Brooks Koepka insists he has overcome any nagging concerns over knee and hip injuries ahead of the Masters – his third tournament back from a two-month injury lay-off.
The 30-year-old American, who finished runner-up to Tiger Woods last year at Augusta National, had stem cell therapy injections in his left knee during his hiatus to help repair a partially torn patella tendon and also had a cortisone injection in his ailing hip.
Koepka, who missed the US Open in September, says he physically feels as good as he did while winning each of his four majors.
“Everything’s fine. I feel normal. Knee feels good. Hip, I haven’t had an issue with,” said Koepka.
“Nice to have those two months rehabbing in San Diego and getting everything straightened away.”
Koepka’s run of poor health began at last year’s CJ Cup when he slipped on wet concrete and injured his knee.
The world No 12 says being “lazy” with his rehabilitation contributed to further health complications, specifically with his left hip which impeded his chances at the PGA Championship in August.
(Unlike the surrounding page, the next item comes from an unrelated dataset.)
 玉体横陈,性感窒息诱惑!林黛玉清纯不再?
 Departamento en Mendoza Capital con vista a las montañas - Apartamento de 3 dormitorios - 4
“The one thing I regret is not really doing the right things,” he added.
“I don’t want to say I was slacking, but I didn’t put the effort I needed to do rehab. And that’s on me, so I’ve got to live with that.”
Koepka, who managed just two top-10 finishes last season, finished in a share of 28th at the CJ Cup – his first event back last month – and then tied for fifth at the Houston Open last week.
The former world No 1 has improved on each of his previous visits to Augusta and is hopeful he can continue that trend, despite the major falling outside its usual slot.
“The one thing I’ve learned over the years is just where to miss your golf shots,” he said. “If you do get into trouble, there’s different angles to different pins.
“You watch guys, you talk to guys that have played here, and you really see those little nuances, those little differences in just hitting it to the same exact spot every time.”
Meanwhile, Koepka praised pre-tournament favourite Bryson DeChambeau for the progress he has made with his power-game approach as his fellow countryman contemplates including a 48‑inch driver in his bag.
“The longer you hit it, obviously it becomes a little bit more difficult to put it in the fairway. Your misses become a little bit wider. I have no idea. If he wants to putt 48‑driver in, good for him.
“I mean, it’s going to be an advantage. Length is always an advantage. He’s done a good job of working. He’s worked his tail off to hit it that far. It’s worked for him, so..”.